I think it's at least one quarter.
For an internet company, I think that's one quarter.
It's too long, so we do want to have a way
to address those online issues very quickly.
And also for those in a very dynamic business environment for new features,
we also want a very quick solution there to address our needs.
But again, just like the bug fix, the new features also takes a long time.
And in the end, I think performance is truly the most important one.
We want to have better and better performance,
but unfortunately I think for our current standard
block devices, I think the hardware and software
are kind of optimized separately.
So the software part doesn't know what's happening in the hardware side,
and the hardware side doesn't know what the business,
the upper-level storage software is trying to do.
So this kind of gaps here limits the performance improvement from a storage perspective.
So because of all those challenges,
our Alibaba infrastructure service group,
we started to address those challenges
since starting from develop our own solution
for the SSDs, the NetFlash-based SSDs.
We started this effort since 2016.
So until today, we released three generations of AliFlash SSDs.
So the AliFlash V1 is a high-performance PCIe SSD.
It's host-based FTL.
So we have some control on the software and hardware together.
It was developed in 2016 and then deployed at the end of 2016.
So until today, it has been in service in Alibaba data center for more than two years,
and we have more than 20K devices deployed
in the Alibaba data center.
So far, it's going very well, very stable.
And then we moved to the Aliflash V2 into 2017,
which is U.2 SSD form factor.
And also, we started customization for some certain specific business units,
certain workloads, and compared to the
purchase from the storage vendors,
we successfully reduced the cost by roughly 20%.
Aliflash V3 is what we are currently
working on.

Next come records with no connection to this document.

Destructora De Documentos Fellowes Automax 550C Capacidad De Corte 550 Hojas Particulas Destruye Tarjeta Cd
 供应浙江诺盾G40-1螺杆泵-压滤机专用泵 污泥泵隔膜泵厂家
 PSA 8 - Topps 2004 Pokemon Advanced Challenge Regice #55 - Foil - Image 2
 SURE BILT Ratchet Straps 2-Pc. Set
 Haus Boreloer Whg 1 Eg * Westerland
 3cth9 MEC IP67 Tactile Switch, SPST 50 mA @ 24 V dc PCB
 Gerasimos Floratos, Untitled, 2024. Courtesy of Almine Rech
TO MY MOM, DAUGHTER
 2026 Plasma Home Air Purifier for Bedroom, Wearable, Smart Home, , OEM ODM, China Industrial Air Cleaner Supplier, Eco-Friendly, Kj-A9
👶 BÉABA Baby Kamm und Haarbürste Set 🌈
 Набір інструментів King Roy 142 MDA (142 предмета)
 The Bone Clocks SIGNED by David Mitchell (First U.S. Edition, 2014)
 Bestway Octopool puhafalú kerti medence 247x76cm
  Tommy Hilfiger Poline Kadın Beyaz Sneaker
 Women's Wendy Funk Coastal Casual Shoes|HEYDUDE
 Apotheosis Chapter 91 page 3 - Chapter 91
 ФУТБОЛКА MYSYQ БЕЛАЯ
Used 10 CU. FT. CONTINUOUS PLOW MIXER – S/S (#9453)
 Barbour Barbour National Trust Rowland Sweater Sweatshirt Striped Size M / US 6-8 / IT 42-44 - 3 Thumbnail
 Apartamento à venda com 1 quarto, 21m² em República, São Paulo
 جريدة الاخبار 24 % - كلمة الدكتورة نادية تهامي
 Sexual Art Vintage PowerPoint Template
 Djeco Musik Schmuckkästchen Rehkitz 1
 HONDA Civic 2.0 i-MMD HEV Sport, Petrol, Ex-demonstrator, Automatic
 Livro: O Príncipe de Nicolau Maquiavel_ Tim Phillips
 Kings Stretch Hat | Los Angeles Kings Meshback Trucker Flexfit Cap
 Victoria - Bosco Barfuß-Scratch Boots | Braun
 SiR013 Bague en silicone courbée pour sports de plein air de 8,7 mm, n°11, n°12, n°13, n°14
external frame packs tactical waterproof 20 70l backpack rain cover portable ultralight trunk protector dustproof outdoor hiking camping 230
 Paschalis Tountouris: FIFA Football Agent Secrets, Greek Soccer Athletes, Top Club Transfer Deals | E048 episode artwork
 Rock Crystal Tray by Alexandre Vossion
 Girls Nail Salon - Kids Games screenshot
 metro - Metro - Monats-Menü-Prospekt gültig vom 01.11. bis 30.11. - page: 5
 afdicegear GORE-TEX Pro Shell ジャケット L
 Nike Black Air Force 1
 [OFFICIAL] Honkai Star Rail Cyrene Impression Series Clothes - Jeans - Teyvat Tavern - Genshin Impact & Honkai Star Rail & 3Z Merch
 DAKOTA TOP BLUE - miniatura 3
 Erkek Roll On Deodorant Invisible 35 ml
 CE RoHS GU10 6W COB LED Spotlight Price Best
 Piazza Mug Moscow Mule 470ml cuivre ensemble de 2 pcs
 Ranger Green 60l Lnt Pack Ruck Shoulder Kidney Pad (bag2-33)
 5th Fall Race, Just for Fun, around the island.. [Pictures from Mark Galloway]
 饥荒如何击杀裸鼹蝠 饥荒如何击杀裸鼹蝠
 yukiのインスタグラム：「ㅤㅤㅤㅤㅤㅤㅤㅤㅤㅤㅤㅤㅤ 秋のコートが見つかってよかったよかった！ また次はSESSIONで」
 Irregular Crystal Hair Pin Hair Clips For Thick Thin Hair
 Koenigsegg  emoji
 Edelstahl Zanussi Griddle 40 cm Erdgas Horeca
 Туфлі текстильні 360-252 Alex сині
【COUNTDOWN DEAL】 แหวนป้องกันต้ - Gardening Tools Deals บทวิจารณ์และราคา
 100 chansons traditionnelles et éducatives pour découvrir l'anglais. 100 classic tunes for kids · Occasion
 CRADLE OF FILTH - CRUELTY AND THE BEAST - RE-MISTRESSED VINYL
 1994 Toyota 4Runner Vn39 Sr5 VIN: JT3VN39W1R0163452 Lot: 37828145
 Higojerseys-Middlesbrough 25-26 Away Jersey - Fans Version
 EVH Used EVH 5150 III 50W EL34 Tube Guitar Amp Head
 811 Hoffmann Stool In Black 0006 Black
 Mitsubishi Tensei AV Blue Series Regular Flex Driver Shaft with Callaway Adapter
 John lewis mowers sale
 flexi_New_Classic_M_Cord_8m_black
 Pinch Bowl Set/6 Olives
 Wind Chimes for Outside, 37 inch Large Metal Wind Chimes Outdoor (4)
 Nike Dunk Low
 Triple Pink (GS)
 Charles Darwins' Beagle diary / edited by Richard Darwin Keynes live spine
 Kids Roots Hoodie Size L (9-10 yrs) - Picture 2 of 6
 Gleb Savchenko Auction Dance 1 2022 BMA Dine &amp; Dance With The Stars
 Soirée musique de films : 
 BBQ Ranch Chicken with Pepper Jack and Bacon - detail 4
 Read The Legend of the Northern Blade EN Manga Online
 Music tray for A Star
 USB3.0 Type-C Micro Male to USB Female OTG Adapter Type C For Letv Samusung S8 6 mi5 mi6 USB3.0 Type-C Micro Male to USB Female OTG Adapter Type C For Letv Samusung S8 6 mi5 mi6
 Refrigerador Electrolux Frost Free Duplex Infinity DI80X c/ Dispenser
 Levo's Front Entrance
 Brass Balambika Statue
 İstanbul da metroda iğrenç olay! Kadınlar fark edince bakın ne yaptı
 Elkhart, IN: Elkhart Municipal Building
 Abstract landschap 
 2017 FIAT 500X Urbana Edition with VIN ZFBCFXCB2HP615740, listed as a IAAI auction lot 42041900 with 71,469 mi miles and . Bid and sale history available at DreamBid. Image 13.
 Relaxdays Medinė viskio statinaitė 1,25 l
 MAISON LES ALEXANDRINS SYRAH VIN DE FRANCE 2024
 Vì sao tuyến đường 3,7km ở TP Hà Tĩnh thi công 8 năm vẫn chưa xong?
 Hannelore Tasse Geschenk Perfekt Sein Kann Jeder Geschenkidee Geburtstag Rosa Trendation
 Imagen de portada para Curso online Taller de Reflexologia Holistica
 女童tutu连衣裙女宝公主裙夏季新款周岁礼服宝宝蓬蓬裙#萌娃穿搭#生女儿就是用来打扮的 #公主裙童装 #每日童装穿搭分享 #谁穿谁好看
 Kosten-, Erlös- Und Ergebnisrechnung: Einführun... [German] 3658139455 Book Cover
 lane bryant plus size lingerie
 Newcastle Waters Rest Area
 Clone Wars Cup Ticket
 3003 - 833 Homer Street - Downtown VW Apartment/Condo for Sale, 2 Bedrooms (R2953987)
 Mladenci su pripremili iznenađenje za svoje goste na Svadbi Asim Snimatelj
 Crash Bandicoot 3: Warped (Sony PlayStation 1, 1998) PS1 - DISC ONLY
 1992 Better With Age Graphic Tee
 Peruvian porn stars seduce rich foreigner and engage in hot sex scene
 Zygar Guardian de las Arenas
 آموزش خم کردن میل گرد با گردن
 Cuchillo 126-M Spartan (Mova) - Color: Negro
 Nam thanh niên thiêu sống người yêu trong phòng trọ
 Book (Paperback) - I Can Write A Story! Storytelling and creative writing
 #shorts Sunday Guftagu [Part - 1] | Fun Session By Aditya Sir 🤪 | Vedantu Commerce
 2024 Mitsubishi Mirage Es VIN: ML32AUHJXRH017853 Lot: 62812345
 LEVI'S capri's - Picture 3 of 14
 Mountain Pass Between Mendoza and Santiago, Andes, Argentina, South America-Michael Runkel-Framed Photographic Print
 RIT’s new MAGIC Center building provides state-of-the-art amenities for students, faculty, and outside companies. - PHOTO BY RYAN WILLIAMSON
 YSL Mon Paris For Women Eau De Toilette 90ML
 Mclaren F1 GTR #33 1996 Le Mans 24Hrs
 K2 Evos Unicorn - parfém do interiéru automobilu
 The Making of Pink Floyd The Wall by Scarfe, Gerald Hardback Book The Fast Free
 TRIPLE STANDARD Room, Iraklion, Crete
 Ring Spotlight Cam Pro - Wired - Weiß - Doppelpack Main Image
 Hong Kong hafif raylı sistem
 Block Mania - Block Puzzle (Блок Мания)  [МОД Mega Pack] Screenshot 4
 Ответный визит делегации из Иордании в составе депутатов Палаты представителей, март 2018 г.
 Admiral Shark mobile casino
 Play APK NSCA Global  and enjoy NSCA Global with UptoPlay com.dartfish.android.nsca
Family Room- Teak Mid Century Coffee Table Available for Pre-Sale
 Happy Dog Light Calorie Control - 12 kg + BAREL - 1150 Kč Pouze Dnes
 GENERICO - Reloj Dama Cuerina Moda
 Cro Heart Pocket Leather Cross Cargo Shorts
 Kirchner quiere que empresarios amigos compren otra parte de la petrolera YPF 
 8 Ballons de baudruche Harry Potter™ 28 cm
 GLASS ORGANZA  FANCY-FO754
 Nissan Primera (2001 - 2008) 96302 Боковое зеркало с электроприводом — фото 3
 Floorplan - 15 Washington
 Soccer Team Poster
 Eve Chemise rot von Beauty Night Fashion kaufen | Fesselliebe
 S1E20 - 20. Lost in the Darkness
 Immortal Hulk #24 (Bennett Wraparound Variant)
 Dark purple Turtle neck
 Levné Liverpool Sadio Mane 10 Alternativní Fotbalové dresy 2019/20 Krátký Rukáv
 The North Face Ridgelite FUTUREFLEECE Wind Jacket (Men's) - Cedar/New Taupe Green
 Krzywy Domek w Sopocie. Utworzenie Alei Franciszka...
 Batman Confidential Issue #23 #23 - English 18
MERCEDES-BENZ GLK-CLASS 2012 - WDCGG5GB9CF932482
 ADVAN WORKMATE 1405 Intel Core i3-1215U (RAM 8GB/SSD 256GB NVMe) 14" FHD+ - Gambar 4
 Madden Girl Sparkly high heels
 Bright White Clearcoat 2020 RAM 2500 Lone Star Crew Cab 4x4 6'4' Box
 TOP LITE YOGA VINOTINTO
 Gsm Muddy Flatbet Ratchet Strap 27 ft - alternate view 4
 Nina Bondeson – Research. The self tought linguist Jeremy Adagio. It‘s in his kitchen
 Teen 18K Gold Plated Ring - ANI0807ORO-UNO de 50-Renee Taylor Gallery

It's it's dual mode SSD with open channel supported
this is indeed my primary focus for today's presentation
for this one we do deep optimization
for the business units applications
and also this one as I, it's an ongoing effort.
We are in the progress of prioritizing this dual-mode SSD.
So here, let me just give a little bit more details on the productization of this Aliflash V3.
First of all, this is a self-developed open channel SSD,
which is ongoing efforts in Alibaba data centers.
This right-hand side, this graph here is showing the controller of this Alifax 3.
It's indeed our own controller.
We work with ASIC design company and customize this controller,
especially optimize the performance and also for the open channel usage mode.
We already announced the major milestone in the FAST 2018 this year.
And also this open channel V3 is indeed a platform.
We are not just working on one vendor.
We are working on multiple vendors.
So the goal here is truly to build an ecosystem,
to have a unified platform and have multiple vendors to provide the hardware
for this dual mode and SSD with
focus on the open channel. So this is
photos for the sample
for one of our vendors for the Ali Flash Race 3.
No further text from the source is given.